Bartłomiej Jacek Kubica

Interval methods for computing the Pareto-front of a multicriterial problem

Interval methods are known to be a precise and robust tool of global optimization. Several interval algorithms have been developed to deal with various kinds of this problem. Far less has been written about the use of interval methods in multicriterial optimization. The paper surveys two methods presented by other researchers and proposes a modified approach, combining PICPA algorithm with the use of derivative information. Preliminary numerical results are presented.

Tuning the multithreaded interval method for solving underdetermined systems of nonlinear equations

The paper presents the authors investigations in the field of improving the performance of a multithreaded interval solver of equations systems, targeted for underdetermined systems. New heuristics to choose the interval Newton operator variant and bisection direction are proposed. Numerical results for several benchmark problems are presented and analyzed. Also some other tools and future possible improvements are suggested.

An interval method for seeking the Nash equilibria of non-cooperative games

Computing Nash equilibria in continuous games is a difficult problem. In contrast to discrete games, algorithms developed for continues ones are rather inefficient. This paper proposes a new approach - making use of interval methods we try to solve the problem directly, seeking points that fulfill Nash conditions. We also consider a shared-memory parallelization of the proposed algorithm. Preliminary numerical results are presented. Some new practical aspects of interval methods are considered.

An Interval Global Optimization Algorithm Combining Symbolic Rewriting and Componentwise Newton Method Applied to Control a Class of Queueing Systems

This paper considers two main topics.The first one is a new interval global optimization algorithm, using some symbolic transformations of the optimality conditions. The theory of Groebner bases and the idea of componentwise interval Newton method are used.The second topic is the description of an optimization problem connected with access control to a computer server. This optimization problem is solved by using a new algorithm and, for comparison, by using a classical interval branch-and-bound algorithm.

Presentation of a highly tuned multithreaded interval solver for underdetermined and well-determined nonlinear systems

The paper summarizes author’s investigations in tuning a multithreaded interval branch-and-prune algorithm for nonlinear systems and presents the developed solver. New results for using the box-consistency enforcing operator and a new variant of the initial exclusion phase are presented. Also, a new heuristic to choose the coordinate for bisection is considered. Extensive numerical experiments are analyzed to provide the satisfying version of the algorithm.

Using Quadratic Approximations in an Interval Method for Solving Underdetermined and Well-Determined Nonlinear Systems

This paper considers quadratic approximation as a narrowing tool in an interval branch-and-prune method. We seek the roots of such an approximate equation – a quadratic equation with interval parameters. Heuristics to decide, when to use the developed operator, are proposed. Numerical results for some benchmark problems are presented and analyzed.
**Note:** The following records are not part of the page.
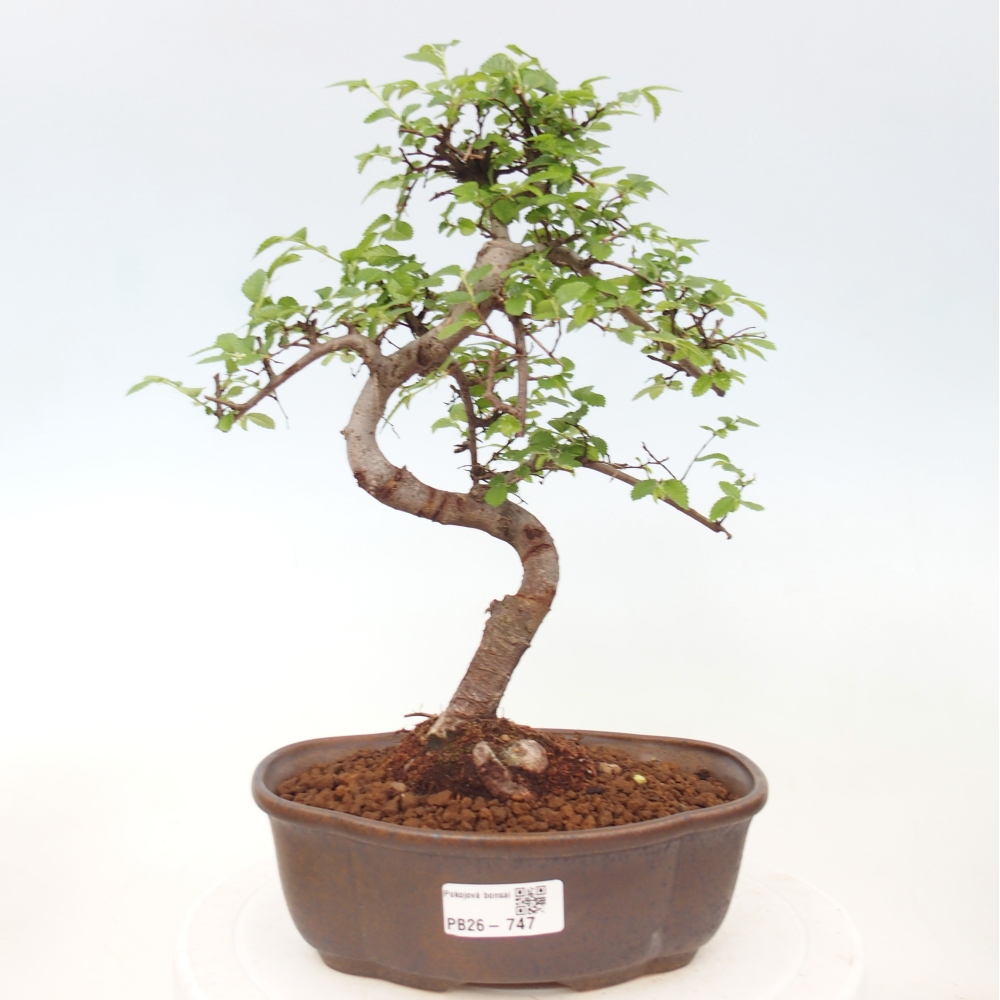 Pokój bonsai - Ulmus parvifolia - Wiąz drobnolistny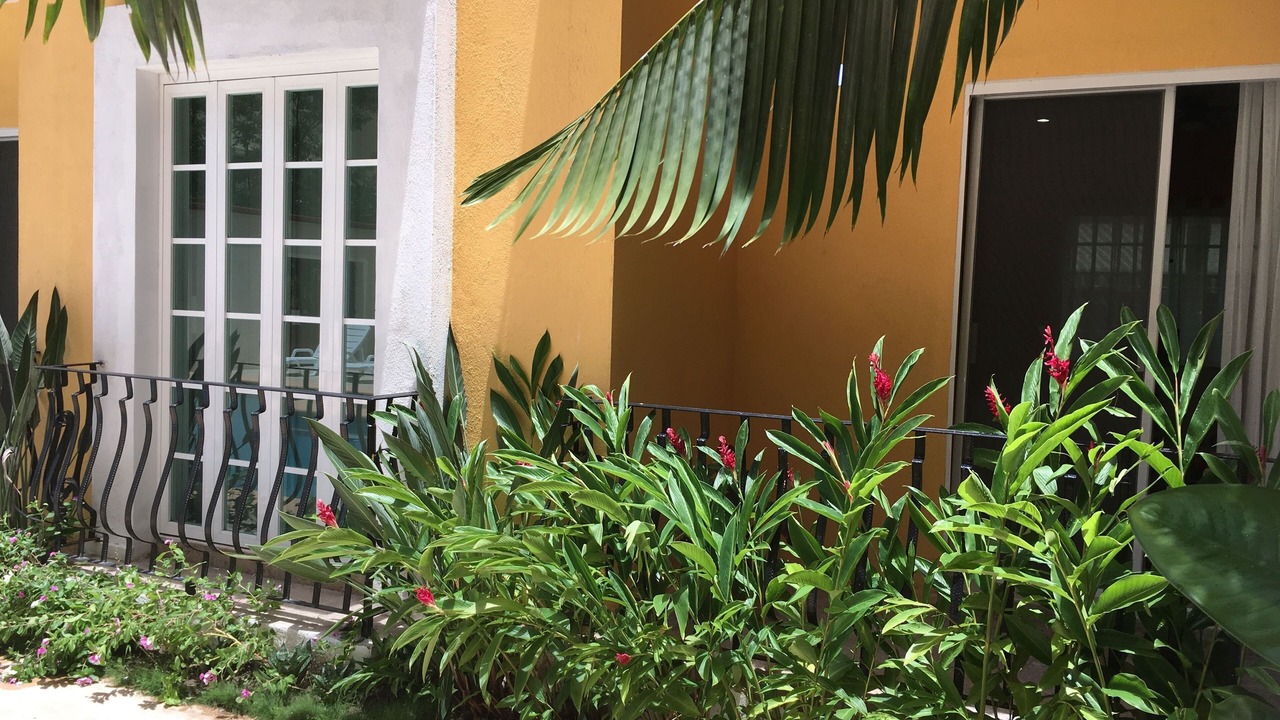 Photo of Outdoor in Santa Maria Huatulco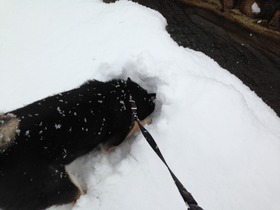 何か見つけた?!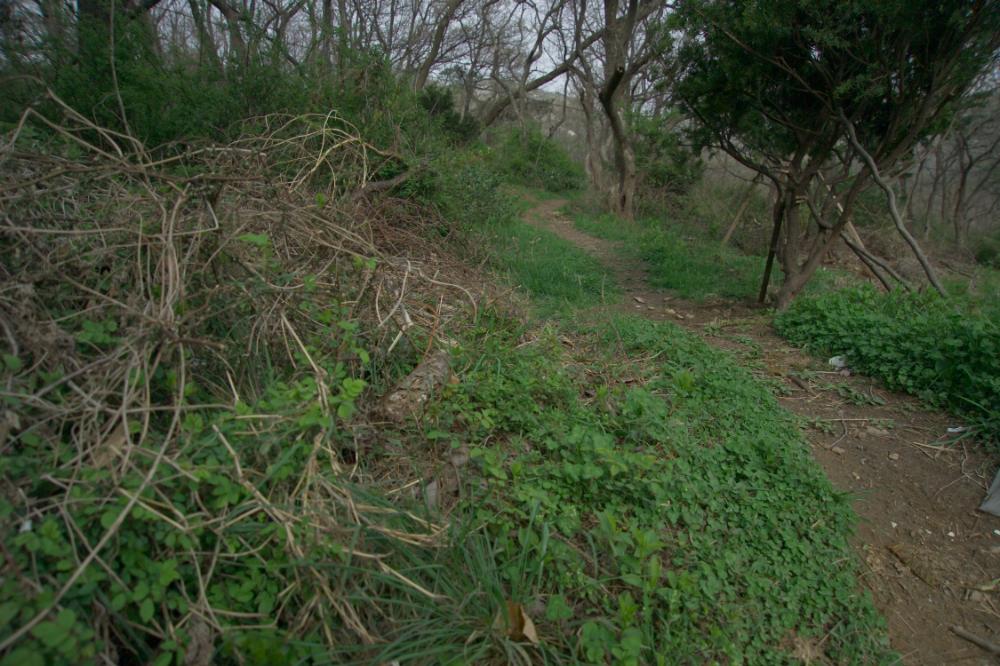 2005년 4월 20일 폭포동 사진, 〈순이〉 연작 일부 사진파일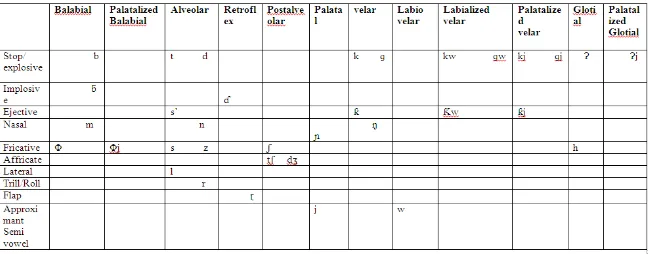 Figure 2.7 Hausa Consonantal Chart Source: Sani (2005:20)  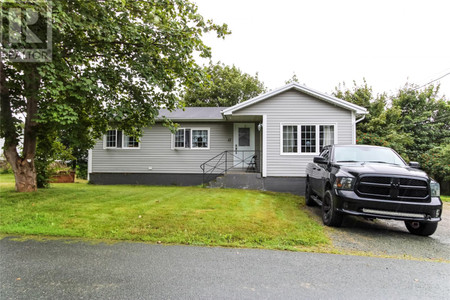 17 Butlers Road N, Conception Bay South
Parallel Approach to Monte Carlo Simulation for Option Price Sensitivities Using the Adjoint and Interval Analysis

This paper concerns a new approach to evaluation of Option Price sensitivities using the Monte Carlo simulation, based on the parallel GPU architecture and Automatic Differentiation methods. In order to study rounding errors, the interval arithmetic is used. Considerations are based on two implementations of the algorithm – the sequential and parallel ones. For efficient differentiation, the Adjoint method is employed. Computational experiments include analysis of performance, uncertainty error and rounding error and consider Black-Scholes and Heston models.

Applying an interval method for a four agent economy analysis

This paper presents an application of interval methods for simulation of a policy game played by four main agents of economy: profit maximizing companies active on competitive market, the monopolistic trade union (aggregated wage setters), the government and the central bank. After reduction of companies as an active agent, the resulting three agents decision system is modeled as a Stackelberg game with the central bank as the leader and trade union and government as composite followers, aggregated by means of the Nash solution. The simulation of policy game is provided. A previously developed interval method is applied to find Nash points rigorously.

Preliminary Experiments with an Interval Model-Predictive-Control Solver

Model-Predictive Control (MPC) is a popular advanced control technique, known for its robustness and simplicity in taking control constraints into account. In recent years, the interest grows in applying interval methods to compute MPC. The paper applies interval methods in a simple case. Numerical results for a benchmark problem are presented.

Introduction to the HPC interval methods minisymposium

Interval methods are an approach to performing numerical computations of various kinds, in the presence of errors and uncertainty.